Here's tonight's roster:
Harry Richard Hall on guitar- not fair. This guy's got talent, but we were all talking. For Harry, I wish an attentive audience next time.
Nina G - Billed as "the world's only female stuttering stand-up comedian," she does not disappoint. A stand-up comic with gravitas. She was on first, too, which is a challenge for anyone.
Kenny Yun does an incredible story about growing up Korean in an ambitious family that lands in Salinas, CA., as seen, mainly, through his mother's eyes. He also portrays a grandfather, Kenny's dad, and Kenny, himself at Berkeley, where he couldn't stand the stench of geeks. I talked with him afterwards. A very gentle, humble guy with immense, focused talent.

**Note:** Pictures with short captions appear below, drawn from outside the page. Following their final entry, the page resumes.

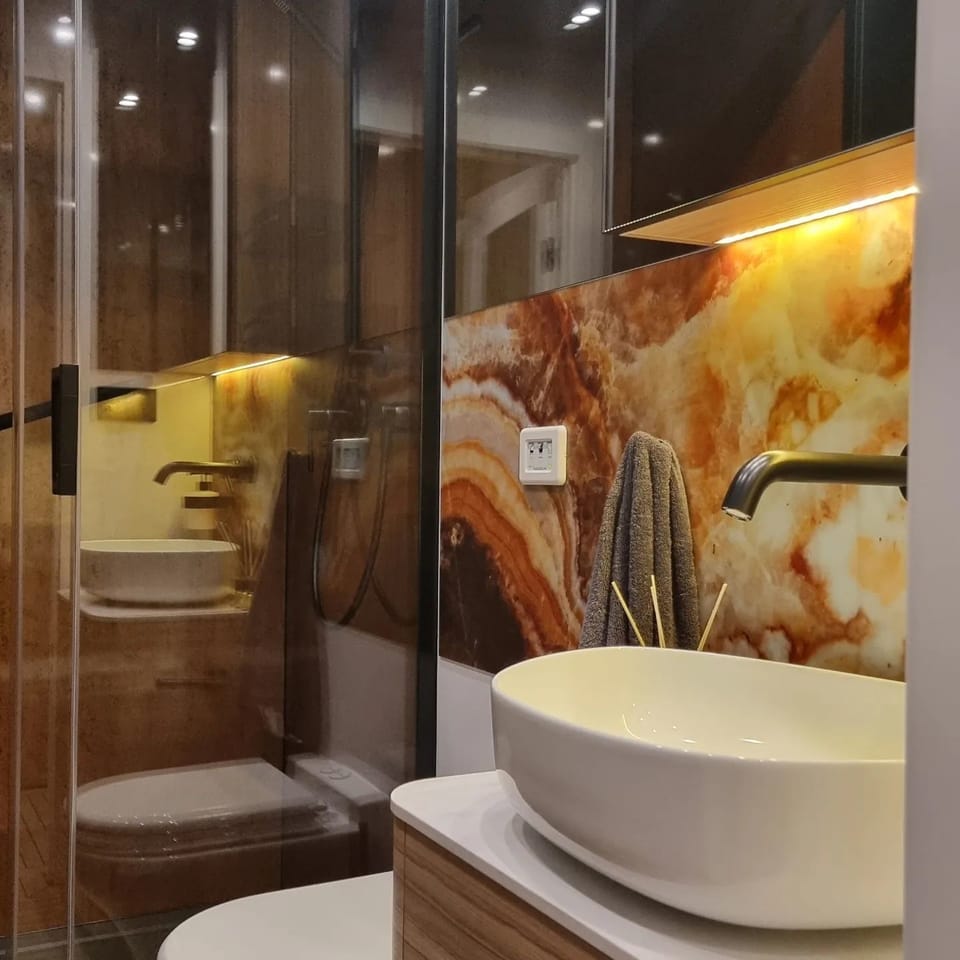 Perla E-vision 42 2025 – Aluminium elektrische houseboat - Foto 29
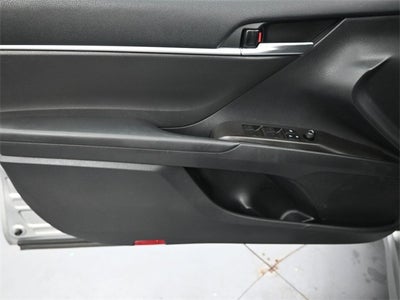 2022 Toyota Camry SE Nightshade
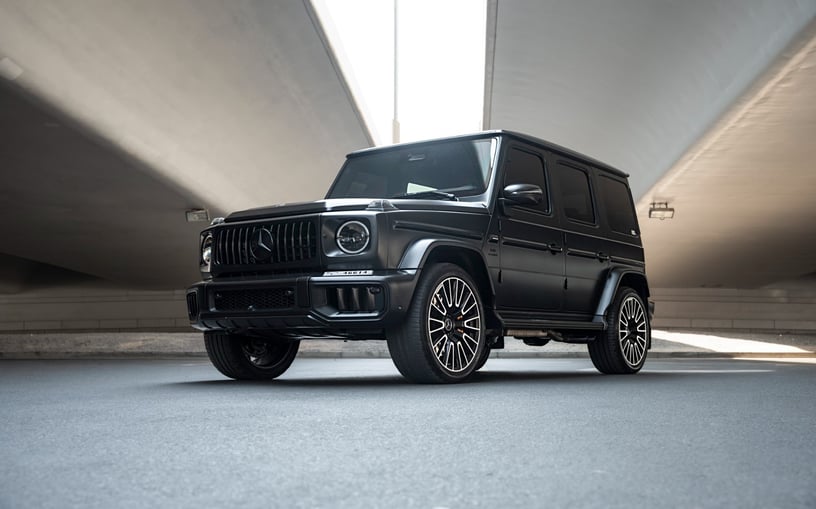 مرسيدس G63 AMG (أسود لامع), 2025 - عروض التأجير في رأس الخيمة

Joya Cory is brilliant. A woman of a certain age goes to the city park, just to breathe...she overhears two 20-year-old gals talking about the creepiness of aging: and, she's off! In her monologue we meet her family, including Antonio, an artist husband she met in the happenin' 60s, now undergoing surgery for a dread disease. Ms. Cory plays it all, with an agile body and La Liz-like profile. She moves like a rippling stream on a summer day, has the timing of a Swiss clock, and the poignancy and textured voice of a prize-winning novelist.
Then, we get San Francisco comedian Michael Meehan's, "Hey, Monster, Hands off my City." Handsome as any Hollywood leading man, he wears an outrageous headdress, a set of wide-gapped teeth, and a mask that become integral to his humor at every level of an outrageous and hilarious delivery. (Mr. Meehan is shown above in a crop from a photo promoting The SF Fringe Festival in 2011.) Mike Meehan was on Craig Ferguson's TV show a while back, before he came up with the monster suit: http://youtu.be/maO8ckncx-k
Oh, I am so hooked on storytelling.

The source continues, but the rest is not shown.